- Opening Delimiter -

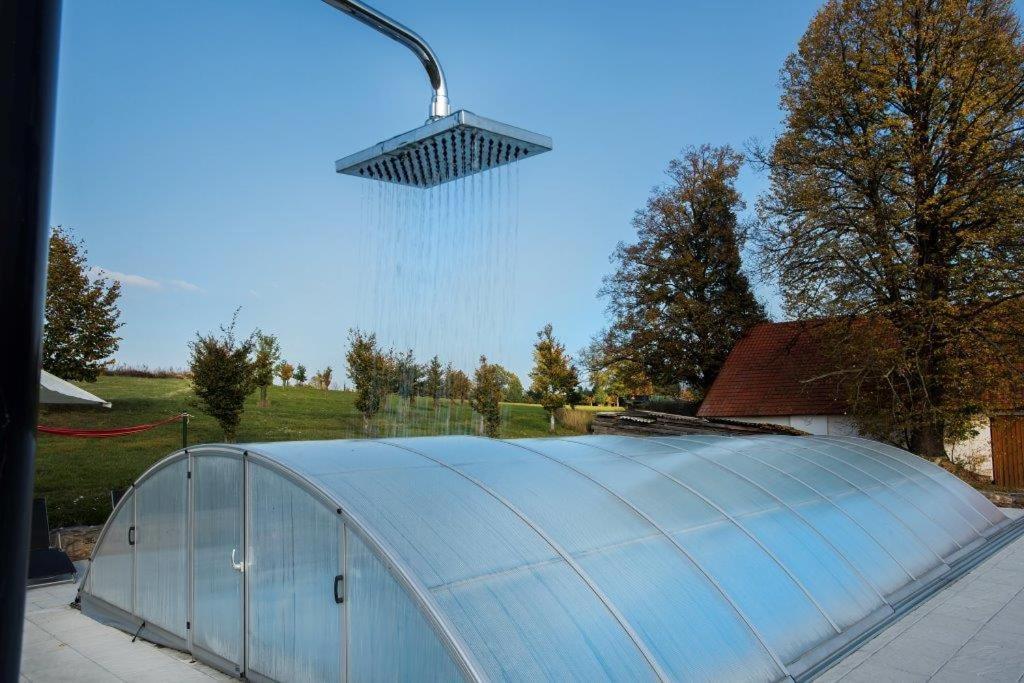 Hotel Zámek Libouň Louňovice pod Blaníkem Exteriér fotografie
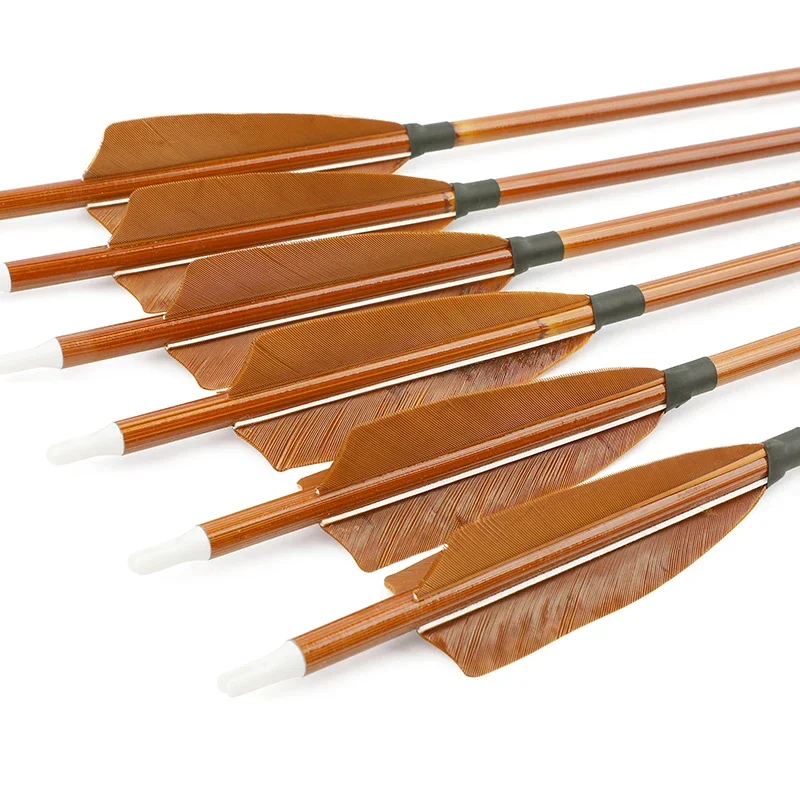 6/12pcs Mixed Carbon Arrows SP - Arrow Carbon Shaft recensie en prijs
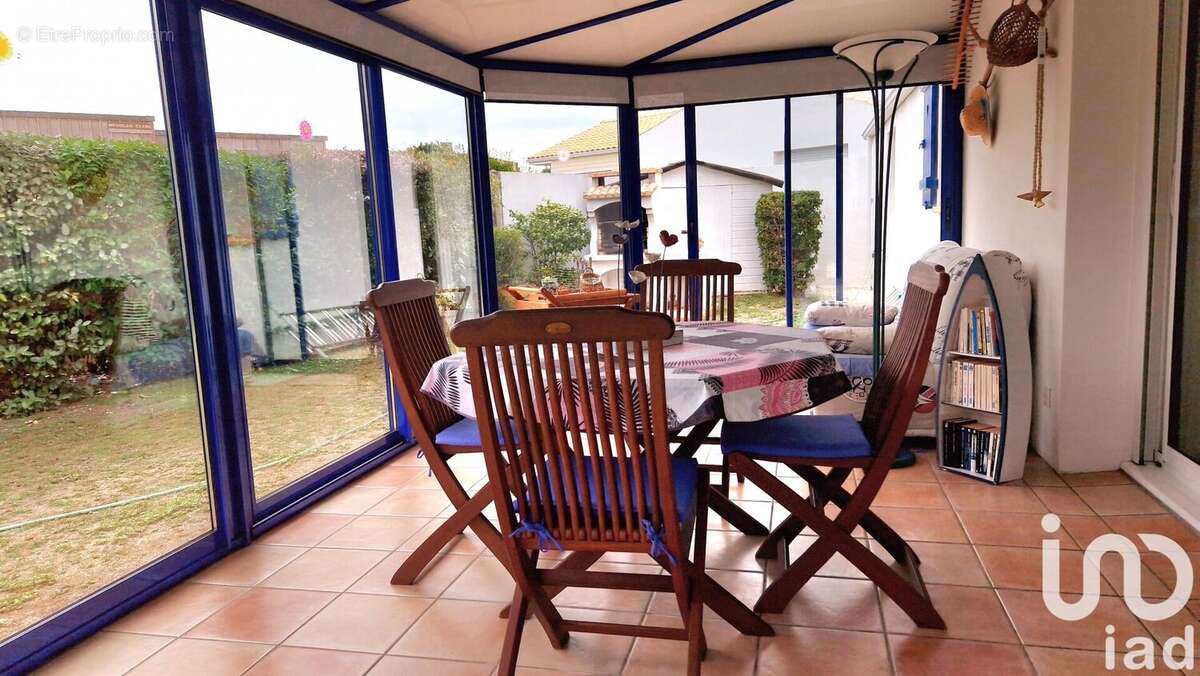 Photo 9 - Maison à SAINT-JEAN-DE-MONTS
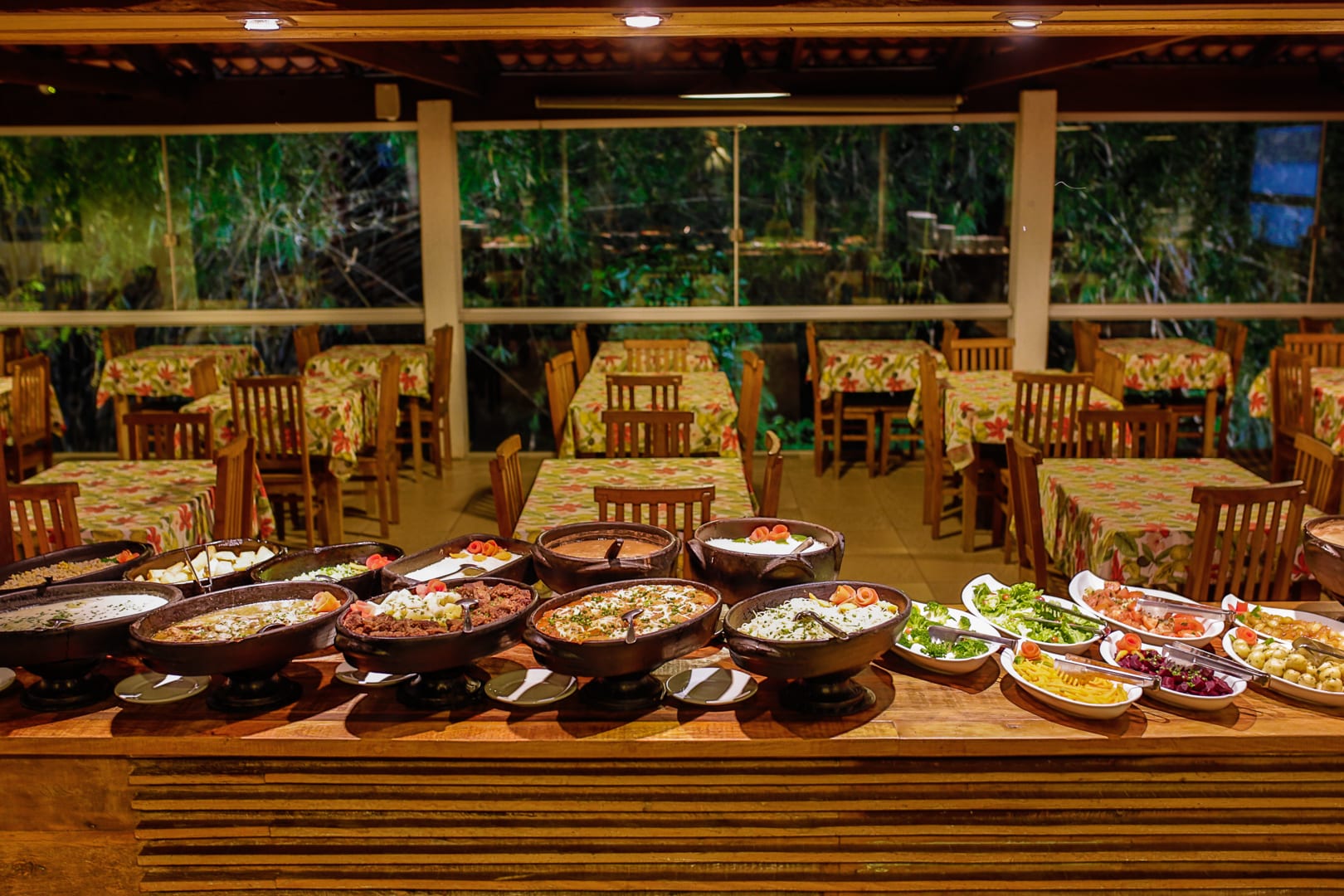 Jantar - delícias noturnas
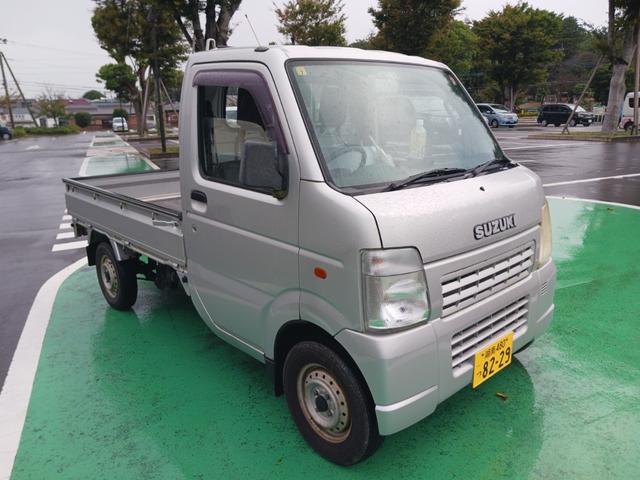 キャリイトラック 　ＡＴ　車検２年付（2枚目）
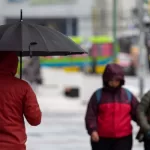 Lluvia En Santiago (3)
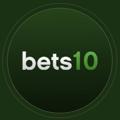 Telegram kanalının logosu bets10telegram — Bets10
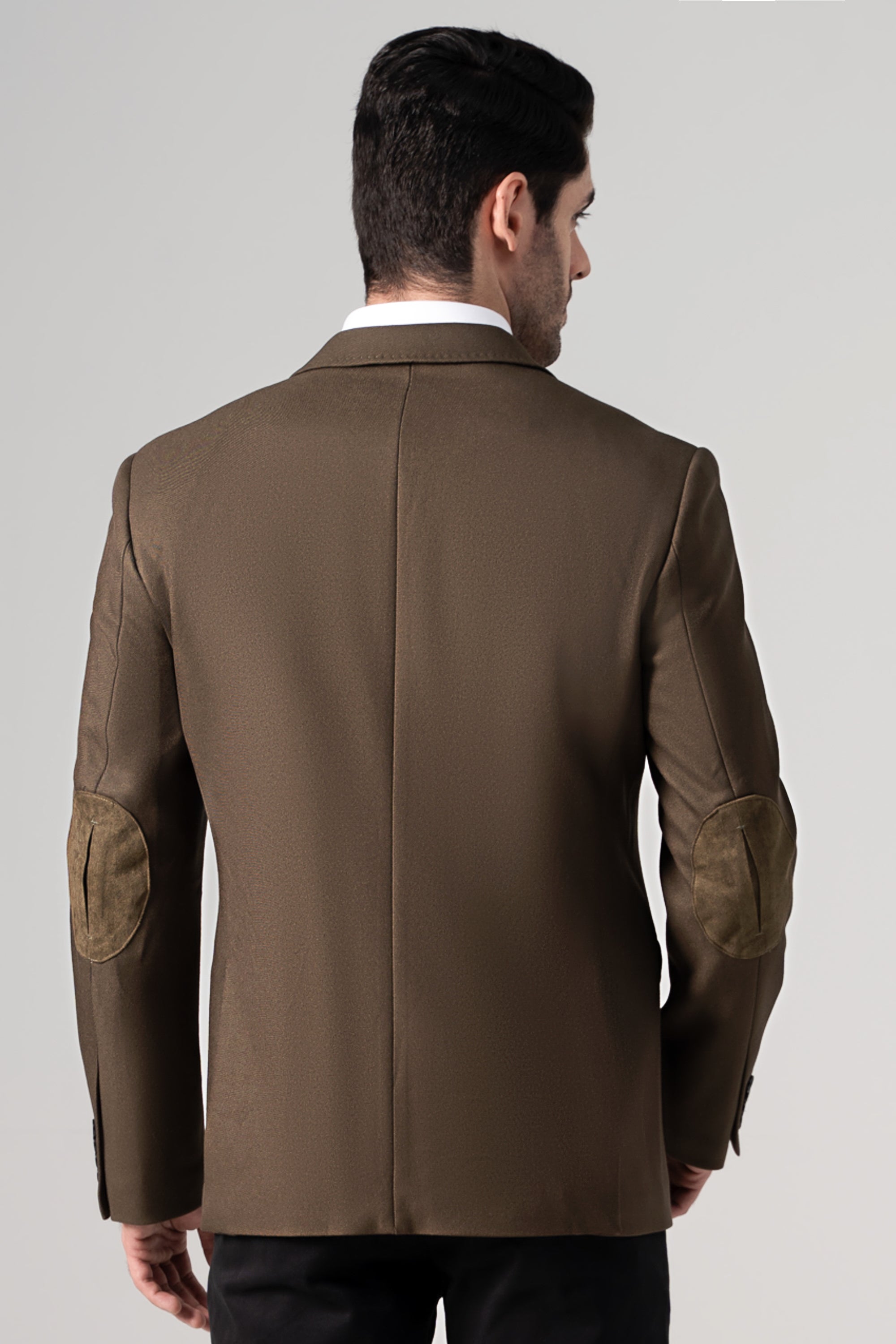 CASUAL COAT OLIVE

- Closing Delimiter -

- Prompt -
Every line from the start of the material through the line holding "Lluvia En Santiago (3)" must be returned exactly, and the pictures must not.

- Completed exercise -
 Hotel Zámek Libouň Louňovice pod Blaníkem Exteriér fotografie
 6/12pcs Mixed Carbon Arrows SP - Arrow Carbon Shaft recensie en prijs
 Photo 9 - Maison à SAINT-JEAN-DE-MONTS
 Jantar - delícias noturnas
 キャリイトラック 　ＡＴ　車検２年付（2枚目）
 Lluvia En Santiago (3)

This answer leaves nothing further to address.